3rd Governor of Karnataka
- In office 2 August 1977 – 15 April 1983
- Preceded by: Uma Shankar Dikshit
- Succeeded by: A. N. Banerji

11th Defence Secretary of India
- In office 19 May 1973 – 31 May 1975
- Preceded by: K. B. Lall
- Succeeded by: D. R. Kohli

7th Home Secretary of India
- In office 1 January 1971 – 18 May 1973
- Preceded by: Lallan Prasad Singh
- Succeeded by: Nirmal Kumar Mukarji

Personal details
- Born: 5 May 1916 Mainpuri, British Raj
- Died: 3 April 2012 (aged 95) New Delhi, India

= Govind Narain =

Indian civil servant (1916–2012)

Govind Narain, ICS (5 May 1916 – 3 April 2012) was an Indian civil servant who was member of the Indian Civil Service and served as the 3rd Governor of Karnataka.

He formerly served as Defence Secretary of India (1973 to 1975), Home Secretary of India (1971 to 1973) and the Chief Secretary of Uttar Pradesh (1958 to 1961). He is believed to be one of India's most senior and respected civil servants.

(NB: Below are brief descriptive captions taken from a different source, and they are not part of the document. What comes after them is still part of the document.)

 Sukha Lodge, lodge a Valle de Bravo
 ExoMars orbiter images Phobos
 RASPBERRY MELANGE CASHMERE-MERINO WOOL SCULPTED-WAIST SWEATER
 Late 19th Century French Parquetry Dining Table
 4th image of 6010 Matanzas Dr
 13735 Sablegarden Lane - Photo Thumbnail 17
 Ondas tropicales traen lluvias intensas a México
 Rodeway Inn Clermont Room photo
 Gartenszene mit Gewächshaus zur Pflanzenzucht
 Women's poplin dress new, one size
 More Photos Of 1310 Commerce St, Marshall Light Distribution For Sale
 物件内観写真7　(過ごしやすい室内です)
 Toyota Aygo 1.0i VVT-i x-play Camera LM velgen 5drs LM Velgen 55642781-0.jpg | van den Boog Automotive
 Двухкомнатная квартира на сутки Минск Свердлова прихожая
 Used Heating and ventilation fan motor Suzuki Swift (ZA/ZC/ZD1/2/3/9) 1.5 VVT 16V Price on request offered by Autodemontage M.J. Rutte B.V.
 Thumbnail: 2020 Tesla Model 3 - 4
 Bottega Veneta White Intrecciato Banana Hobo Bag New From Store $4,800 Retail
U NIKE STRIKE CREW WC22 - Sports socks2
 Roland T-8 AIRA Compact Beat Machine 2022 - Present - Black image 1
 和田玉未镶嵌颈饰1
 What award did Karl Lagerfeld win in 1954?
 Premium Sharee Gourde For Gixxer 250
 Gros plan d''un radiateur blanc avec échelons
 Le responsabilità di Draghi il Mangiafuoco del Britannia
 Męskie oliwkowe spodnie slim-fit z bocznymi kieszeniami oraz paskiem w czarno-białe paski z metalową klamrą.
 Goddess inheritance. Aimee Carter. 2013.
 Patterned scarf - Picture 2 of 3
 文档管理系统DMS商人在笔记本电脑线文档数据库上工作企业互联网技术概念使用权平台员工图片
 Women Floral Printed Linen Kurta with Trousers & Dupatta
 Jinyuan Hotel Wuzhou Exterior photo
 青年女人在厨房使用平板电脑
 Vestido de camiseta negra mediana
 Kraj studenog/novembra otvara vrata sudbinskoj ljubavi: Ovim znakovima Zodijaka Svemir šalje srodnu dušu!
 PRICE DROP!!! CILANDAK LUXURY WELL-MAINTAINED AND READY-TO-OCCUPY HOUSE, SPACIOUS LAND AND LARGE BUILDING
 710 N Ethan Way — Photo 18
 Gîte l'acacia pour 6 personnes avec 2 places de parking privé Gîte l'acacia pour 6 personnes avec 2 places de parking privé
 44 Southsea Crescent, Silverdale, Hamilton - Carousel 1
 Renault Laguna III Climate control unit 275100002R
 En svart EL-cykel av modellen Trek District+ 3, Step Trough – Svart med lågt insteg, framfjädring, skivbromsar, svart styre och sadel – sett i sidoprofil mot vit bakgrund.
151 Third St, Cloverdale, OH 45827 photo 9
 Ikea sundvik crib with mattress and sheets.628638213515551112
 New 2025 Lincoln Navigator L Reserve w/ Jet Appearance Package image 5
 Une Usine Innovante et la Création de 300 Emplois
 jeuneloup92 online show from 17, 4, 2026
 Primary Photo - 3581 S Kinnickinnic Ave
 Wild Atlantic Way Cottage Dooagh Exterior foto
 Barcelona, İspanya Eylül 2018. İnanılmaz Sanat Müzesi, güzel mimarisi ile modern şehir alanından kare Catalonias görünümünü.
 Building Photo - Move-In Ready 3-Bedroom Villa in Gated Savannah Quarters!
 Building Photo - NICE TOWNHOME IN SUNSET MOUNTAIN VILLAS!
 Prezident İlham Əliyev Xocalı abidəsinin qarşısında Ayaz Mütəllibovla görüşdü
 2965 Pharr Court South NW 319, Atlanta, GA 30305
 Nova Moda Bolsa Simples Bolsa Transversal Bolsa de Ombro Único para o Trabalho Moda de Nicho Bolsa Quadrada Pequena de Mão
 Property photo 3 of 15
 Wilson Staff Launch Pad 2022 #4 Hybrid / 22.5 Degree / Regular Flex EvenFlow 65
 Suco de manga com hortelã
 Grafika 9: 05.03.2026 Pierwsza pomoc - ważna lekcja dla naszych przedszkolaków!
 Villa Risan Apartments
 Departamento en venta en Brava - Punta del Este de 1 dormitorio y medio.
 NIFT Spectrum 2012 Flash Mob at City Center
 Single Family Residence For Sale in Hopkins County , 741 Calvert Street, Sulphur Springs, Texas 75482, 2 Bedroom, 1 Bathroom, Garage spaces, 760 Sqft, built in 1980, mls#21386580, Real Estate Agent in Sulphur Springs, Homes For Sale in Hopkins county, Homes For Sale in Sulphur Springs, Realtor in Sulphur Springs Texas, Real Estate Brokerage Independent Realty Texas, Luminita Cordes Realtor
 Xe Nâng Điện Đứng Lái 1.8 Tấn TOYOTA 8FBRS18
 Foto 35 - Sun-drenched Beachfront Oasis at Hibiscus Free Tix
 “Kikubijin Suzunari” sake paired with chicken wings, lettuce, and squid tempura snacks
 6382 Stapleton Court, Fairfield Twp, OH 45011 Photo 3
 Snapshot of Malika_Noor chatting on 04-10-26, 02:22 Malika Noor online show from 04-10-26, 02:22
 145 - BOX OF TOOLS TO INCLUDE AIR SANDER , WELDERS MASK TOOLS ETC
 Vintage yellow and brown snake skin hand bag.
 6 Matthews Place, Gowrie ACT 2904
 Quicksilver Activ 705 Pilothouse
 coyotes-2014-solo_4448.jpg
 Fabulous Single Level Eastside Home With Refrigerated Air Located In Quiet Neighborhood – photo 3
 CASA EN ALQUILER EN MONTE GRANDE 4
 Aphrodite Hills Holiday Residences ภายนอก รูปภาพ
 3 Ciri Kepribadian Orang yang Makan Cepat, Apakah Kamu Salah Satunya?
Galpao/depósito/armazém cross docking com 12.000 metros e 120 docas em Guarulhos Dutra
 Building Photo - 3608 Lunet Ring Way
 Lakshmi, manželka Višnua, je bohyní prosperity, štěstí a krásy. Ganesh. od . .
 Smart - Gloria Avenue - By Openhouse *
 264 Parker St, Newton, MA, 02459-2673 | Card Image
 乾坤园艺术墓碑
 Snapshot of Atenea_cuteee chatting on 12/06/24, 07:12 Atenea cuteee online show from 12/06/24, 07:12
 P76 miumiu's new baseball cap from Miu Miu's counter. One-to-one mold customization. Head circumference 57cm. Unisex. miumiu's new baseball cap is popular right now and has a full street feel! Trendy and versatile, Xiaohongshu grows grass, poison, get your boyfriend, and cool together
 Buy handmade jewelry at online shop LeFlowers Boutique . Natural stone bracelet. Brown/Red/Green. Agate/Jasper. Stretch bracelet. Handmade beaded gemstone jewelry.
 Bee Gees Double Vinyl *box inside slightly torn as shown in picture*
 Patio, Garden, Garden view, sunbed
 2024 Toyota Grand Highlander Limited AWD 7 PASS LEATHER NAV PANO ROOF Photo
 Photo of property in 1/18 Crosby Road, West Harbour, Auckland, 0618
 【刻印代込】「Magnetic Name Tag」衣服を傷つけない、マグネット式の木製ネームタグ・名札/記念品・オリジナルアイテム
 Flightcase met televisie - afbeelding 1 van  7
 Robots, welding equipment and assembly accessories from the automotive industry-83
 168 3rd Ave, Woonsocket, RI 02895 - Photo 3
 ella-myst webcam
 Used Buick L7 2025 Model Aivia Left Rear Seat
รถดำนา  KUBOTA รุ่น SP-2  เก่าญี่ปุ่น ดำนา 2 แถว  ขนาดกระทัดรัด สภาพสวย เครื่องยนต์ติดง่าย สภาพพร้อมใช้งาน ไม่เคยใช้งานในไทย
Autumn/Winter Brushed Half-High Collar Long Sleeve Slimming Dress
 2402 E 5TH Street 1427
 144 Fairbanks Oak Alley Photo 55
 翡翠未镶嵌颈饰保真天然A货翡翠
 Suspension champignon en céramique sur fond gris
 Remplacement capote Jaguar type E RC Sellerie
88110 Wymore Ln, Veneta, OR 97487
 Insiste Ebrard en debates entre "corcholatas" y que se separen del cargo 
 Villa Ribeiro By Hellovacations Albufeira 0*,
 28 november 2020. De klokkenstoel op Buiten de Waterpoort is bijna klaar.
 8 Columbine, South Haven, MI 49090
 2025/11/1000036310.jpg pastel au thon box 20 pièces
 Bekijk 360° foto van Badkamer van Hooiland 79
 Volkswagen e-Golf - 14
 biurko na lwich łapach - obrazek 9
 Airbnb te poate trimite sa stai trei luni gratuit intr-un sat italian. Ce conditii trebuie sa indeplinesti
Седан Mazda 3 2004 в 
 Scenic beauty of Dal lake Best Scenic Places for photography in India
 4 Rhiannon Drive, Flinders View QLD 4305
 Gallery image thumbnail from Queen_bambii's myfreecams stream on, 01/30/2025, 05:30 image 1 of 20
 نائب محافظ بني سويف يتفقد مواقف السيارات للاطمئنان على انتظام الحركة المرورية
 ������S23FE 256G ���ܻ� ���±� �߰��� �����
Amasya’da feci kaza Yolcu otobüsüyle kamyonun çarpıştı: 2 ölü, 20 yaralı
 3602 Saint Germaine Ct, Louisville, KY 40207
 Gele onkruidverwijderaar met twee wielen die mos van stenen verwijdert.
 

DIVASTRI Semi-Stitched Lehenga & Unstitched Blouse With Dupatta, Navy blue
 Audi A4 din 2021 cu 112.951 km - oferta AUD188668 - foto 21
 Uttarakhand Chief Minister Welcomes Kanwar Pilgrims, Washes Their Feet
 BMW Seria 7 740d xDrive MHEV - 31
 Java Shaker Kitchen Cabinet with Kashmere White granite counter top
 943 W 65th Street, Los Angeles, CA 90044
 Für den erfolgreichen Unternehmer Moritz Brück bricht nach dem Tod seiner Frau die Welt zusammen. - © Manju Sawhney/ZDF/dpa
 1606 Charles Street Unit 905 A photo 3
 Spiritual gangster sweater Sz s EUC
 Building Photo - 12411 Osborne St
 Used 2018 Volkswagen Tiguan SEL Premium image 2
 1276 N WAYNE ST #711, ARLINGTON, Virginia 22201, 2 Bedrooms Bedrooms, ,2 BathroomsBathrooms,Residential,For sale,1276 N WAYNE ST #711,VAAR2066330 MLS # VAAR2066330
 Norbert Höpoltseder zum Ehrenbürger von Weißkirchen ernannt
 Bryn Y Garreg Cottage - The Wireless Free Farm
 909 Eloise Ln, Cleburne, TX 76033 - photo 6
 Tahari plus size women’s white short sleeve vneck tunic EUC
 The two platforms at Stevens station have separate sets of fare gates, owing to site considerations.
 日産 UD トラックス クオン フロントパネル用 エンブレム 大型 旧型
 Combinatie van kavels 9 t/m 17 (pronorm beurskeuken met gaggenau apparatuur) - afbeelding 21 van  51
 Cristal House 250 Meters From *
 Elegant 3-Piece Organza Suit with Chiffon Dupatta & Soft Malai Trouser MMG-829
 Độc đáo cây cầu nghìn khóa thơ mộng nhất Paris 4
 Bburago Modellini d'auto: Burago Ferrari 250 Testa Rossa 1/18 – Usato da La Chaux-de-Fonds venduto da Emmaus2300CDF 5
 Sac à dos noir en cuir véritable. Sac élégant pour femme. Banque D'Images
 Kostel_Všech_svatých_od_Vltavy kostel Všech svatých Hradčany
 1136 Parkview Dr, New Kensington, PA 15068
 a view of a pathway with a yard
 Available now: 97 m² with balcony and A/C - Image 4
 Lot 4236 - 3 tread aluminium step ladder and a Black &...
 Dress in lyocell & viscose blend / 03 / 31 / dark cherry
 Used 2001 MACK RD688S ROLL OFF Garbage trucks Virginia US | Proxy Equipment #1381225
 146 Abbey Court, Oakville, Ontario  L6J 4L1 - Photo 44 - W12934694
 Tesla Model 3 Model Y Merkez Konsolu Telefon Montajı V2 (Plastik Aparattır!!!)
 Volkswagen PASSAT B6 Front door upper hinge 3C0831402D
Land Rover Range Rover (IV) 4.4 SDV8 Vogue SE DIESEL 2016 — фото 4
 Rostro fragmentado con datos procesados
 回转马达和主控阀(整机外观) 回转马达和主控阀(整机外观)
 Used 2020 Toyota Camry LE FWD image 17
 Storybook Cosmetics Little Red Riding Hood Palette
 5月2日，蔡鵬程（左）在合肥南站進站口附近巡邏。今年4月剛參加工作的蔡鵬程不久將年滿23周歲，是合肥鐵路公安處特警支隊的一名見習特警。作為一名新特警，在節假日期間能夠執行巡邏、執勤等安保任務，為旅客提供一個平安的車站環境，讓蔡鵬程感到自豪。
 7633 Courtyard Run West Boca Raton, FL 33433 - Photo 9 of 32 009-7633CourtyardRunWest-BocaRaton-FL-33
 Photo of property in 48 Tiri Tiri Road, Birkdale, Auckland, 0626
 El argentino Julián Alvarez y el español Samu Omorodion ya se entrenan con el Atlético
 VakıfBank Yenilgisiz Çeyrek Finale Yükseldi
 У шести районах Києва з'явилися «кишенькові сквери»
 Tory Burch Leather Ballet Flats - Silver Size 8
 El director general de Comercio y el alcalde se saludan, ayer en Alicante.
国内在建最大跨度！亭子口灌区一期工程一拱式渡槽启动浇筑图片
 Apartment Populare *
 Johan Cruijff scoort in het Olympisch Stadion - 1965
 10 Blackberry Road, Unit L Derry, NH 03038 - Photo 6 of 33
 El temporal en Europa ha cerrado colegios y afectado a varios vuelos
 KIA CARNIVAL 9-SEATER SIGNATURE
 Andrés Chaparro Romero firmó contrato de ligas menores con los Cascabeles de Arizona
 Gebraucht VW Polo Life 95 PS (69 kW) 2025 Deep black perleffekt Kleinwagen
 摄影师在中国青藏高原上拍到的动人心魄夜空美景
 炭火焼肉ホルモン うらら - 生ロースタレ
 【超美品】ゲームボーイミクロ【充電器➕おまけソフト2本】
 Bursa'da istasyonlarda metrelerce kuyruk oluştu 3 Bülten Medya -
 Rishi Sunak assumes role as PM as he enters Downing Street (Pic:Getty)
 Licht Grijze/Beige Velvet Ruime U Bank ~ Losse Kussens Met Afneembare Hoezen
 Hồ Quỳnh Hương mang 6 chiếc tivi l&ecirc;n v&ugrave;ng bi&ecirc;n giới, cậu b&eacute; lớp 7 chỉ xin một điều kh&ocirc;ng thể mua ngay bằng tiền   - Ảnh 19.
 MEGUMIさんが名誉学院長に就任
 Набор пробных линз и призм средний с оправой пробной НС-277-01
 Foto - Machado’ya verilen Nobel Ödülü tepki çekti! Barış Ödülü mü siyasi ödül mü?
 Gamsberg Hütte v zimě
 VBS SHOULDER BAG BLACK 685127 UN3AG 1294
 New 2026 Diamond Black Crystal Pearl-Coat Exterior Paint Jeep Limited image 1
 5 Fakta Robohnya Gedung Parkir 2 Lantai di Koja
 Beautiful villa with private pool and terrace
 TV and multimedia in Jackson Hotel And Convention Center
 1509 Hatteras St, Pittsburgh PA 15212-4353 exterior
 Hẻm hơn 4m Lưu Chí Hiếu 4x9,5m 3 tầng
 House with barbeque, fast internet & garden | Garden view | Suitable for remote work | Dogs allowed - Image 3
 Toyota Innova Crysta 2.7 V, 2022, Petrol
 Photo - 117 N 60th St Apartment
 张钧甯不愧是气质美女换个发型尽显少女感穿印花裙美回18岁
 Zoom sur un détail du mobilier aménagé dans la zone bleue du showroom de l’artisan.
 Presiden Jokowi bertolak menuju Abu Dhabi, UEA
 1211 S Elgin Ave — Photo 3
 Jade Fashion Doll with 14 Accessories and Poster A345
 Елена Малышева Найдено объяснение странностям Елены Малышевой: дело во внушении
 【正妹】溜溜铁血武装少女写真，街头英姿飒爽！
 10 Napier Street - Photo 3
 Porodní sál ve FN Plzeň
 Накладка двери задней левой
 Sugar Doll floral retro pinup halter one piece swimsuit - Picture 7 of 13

He also served as Adviser and Secretary to the King of Nepal from 1951 to 1954.

==Early childhood and education==
He was born into a Kayastha family in Mainpuri, Uttar Pradesh and educated at the University of Allahabad and University of Oxford.

==Career==
He was selected as a member of the Indian Civil Service in 1939 and served as District Collector of Farrukhabad and Aligarh.

===Ministry of Defence===
He served as 11th Defence Secretary of India (1973 to 1975) and also as Secretary to the Government of India in Department of Defence Production (DDP) from 1968 to 1970.

===Ministry of Home Affairs===
As Home Secretary, he played a crucial role during the Indo-Pakistani War of 1971. He then became Defence Secretary, a post he occupied between 1973 and 1975. He was also chief secretary of Uttar Pradesh, and was deputised to build relations between India and Nepal in 1951 as Adviser to the King of Nepal.

===Ministry of Health===
He served as Secretary to the Government of India in Ministry of Health and Family Welfare from 1966 to 1968.

===Others===
After retirement, he was affiliated with the Public Interest Legal Support and Research Trust, Shankara Vidya Kendra, Federation of Indo-German Society in India, and an NGO, Common Cause.

==Political career==
He was named Governor of Karnataka and held the post between 1977 and 1983. He was awarded the Padma Vibhushan in 2009.